/equity_analysis

Second iteration of my equity backtesting pipeline

Primary LanguageRGNU General Public License v3.0GPL-3.0

Technical Document: A fully replicable Equity backtesting workflow

Project Purpose

This paper provides a working example of an equity backtest that has been conducted in R according to the principles of transparency and reproducability in research. It provides working code to conduct the full analysis chain of equity backtesting in a way that is totally automated and modifiable. The companion git repository to this paper can be cloned and, with minimal modifications, new backtests can be created that avoid the pitfalls of common statistical biases. It is hoped that this work will make quality research into the cross section of equity returns more accessible to practitioners.

Principles

This project favours transparency and customizability over ease of use. For a sophisticated, easy to use backtesting environment see Zipline or QSTrader.

This project aims to be -

  • Totally transparent in the flow and transformation of data
  • Low-level in terms of dependencies
  • Highly customizable
  • Easy to set up in any environment

Intended Audience

This project should be useful to:

  • Finance students at all levels wanting to conduct statistically rigorous equity backtests
  • Post graduates and academics looking to conduct research on a common platform to facilitate replication and peer review
  • Research professionals looking to build out an in-house backtesting environment for proprietary equity investment strategies
  • Equity researchers looking for a bridge between Excel-based research and R or python.

Included Data

This repository does not include any equity data, but it does include working scripts to automatically extract data from data vendors, and to save that data on a well-formed way. It is assumed that the user will acquire data using the scripts which have been included in this repository. This will only be possible if a user has access to the relevant data services - namely Bloomberg, DataStream or iNet.

Replication and Extension to other use cases

The only files that change between different backtests are alorgithm.R, which houses the portfolio weighting rules, and parameters.R, which houses the backtest parameters.

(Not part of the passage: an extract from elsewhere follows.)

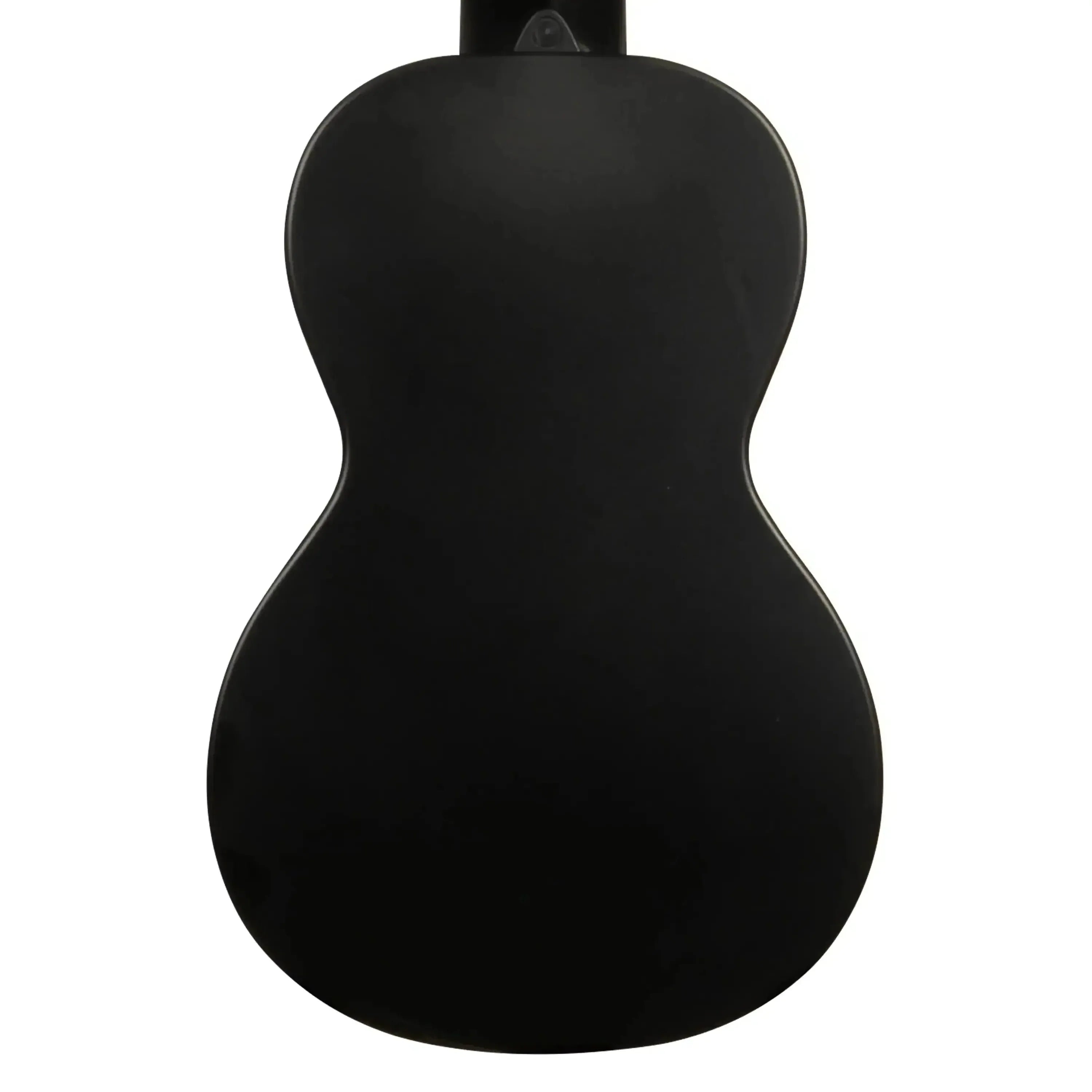 Back of a black Kala Soprano Ukulele with a matte ABS composite body.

To replicate the results of a backtest using this codebase, simply clone this git repository to your computer, and run the the trade.R script.

To replicate the results of this paper on another equity index, change the index parameter in the parameters.R file to another index.

To alter the algorithm, modify the compute_weights function in the algorithm.R script.

Code flow

The scripts in this repository are written in a procedural manner. That is, it is intended that parameters are set prior to execution and that the scripts are executed noninteractively. The code logic flows down each script in a linear manner wherever possible. This style facilitates the auditing of how data is manipulated as it flows through the code logic.

Data Pipeline

The data pipeline scripts can be run as in a standalone fashion. This facilitates spreading scripts across multiple machines, whic can be helpful when data vendor terminals are shared or on different machines. In such instances, the query scripts can be run on each terminal, and the logs can be copied across to a single logfile for downstream processing. Logfiles are timestamped to Unix time, so logs from different machines will sort correctly.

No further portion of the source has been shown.